SICO Technology
- Company type: Private
- Industry: Mobile phones
- Founded: 2003
- Headquarters: Cairo, Egypt
- Number of locations: 3 Cairo, Egypt Nairobi, Kenya Dubai, UAE
- Area served: Africa and Middle East
- Products: Cell phones, Smartphones, Tablets
- Number of employees: 150
- Parent: ElSayed Salem Group
- Website: www.sico.com.eg

= SICO Technology =

Egyptian mobile phones and tablets manufacturer

SICO Technology is an Egyptian corporation and technology company headquartered in Cairo, Egypt. Its main product lines include telecommunications equipment. The company manufactures mobile phones, tablets, and a range of 3G/4G mobile phones and smartphones which include the Nile X smartphone manufactured in Egypt. It was founded in 2003 with its headquarters in downtown Cairo, Egypt. The name of the company resembles its nature of business: a silicon industries company for manufacturing telecommunication technologies and products.

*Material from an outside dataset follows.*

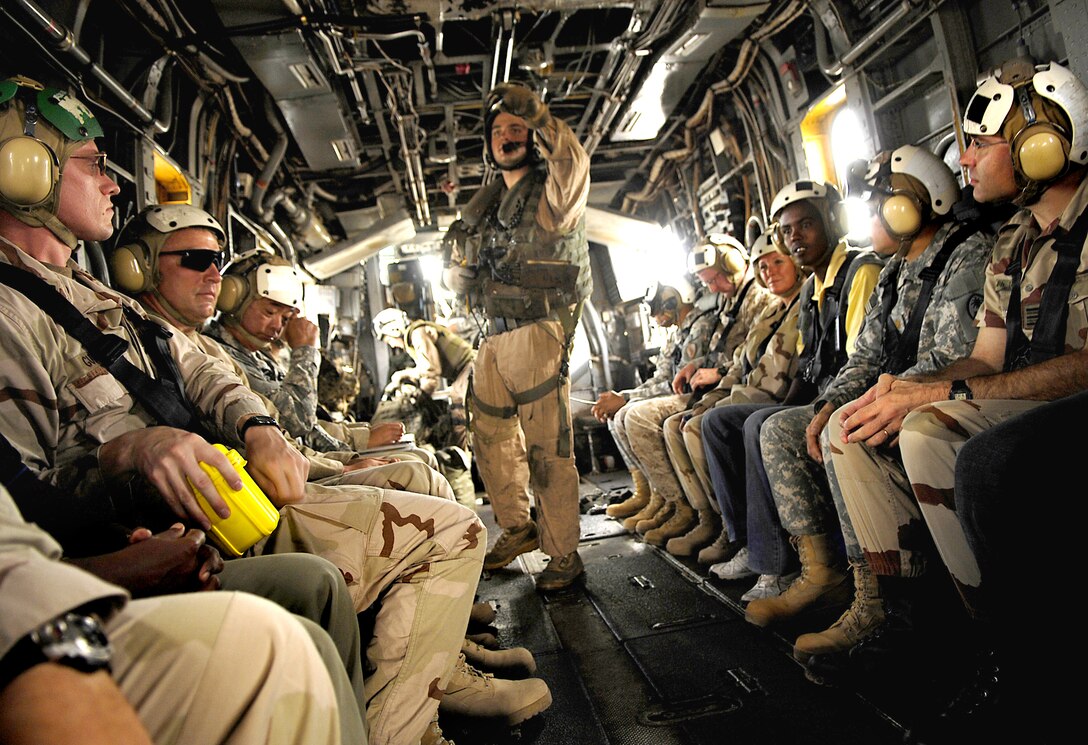 U.S. Army Brig. Gen. Sanford Holman, commander, Combined Joint Task Force-Horn of Africa, and Djiboutian army Gen. Fathi Ahmed Houssein fly aboard a helicopter to a graduation ceremony at Forward Operating Location Ali Sabieh, Djibouti, March 11, 2008. U.S. Army soldiers trained the Djiboutian soldiers on antiterrorism and counterterrorism tactics during a 10-week course covering 27 areas of offensive and defensive operations to better secure Djibouti's borders. The U.S. soldiers are assigned to Guam Army National Guard's 249th Infantry Regiment (Light), Company D, 1st Battalion.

In December 2017, the company announced during the CairoICT annual conference the production of locally manufactured 4G Android smartphones in its Egypt plant located in the industrial zone of the city of Assiut.

==Company history==
SICO has its roots in an old privately held soft drink company founded in 1948 and famous for its soft drinks. In the 1960s, however, it went public and as SICO Egypt and became the local bottler for Coca-Cola, which it remains today.

In 2003, engineer Mohamed Salem, son of the old company's founder, reestablished it with a focus on electronics. It initially provided electronic security and automation services to private and public sector companies and banks in Egypt.

In 2013, the company began entering the electronic device market by manufacturing devices in factories in China under the SICO brand and training Egyptian engineers there and in Germany, until it began partnering with the Silicon Oasis Company, a public firm affiliated with Egypt's Ministry of Communications and Information Technology. The factory was set up in the new Asyut Technology Park and currently produces 45% of the components for mobile phones released under the brand with the help of 500 engineers, of whom nearly 200 are residents of Asyut Governorate.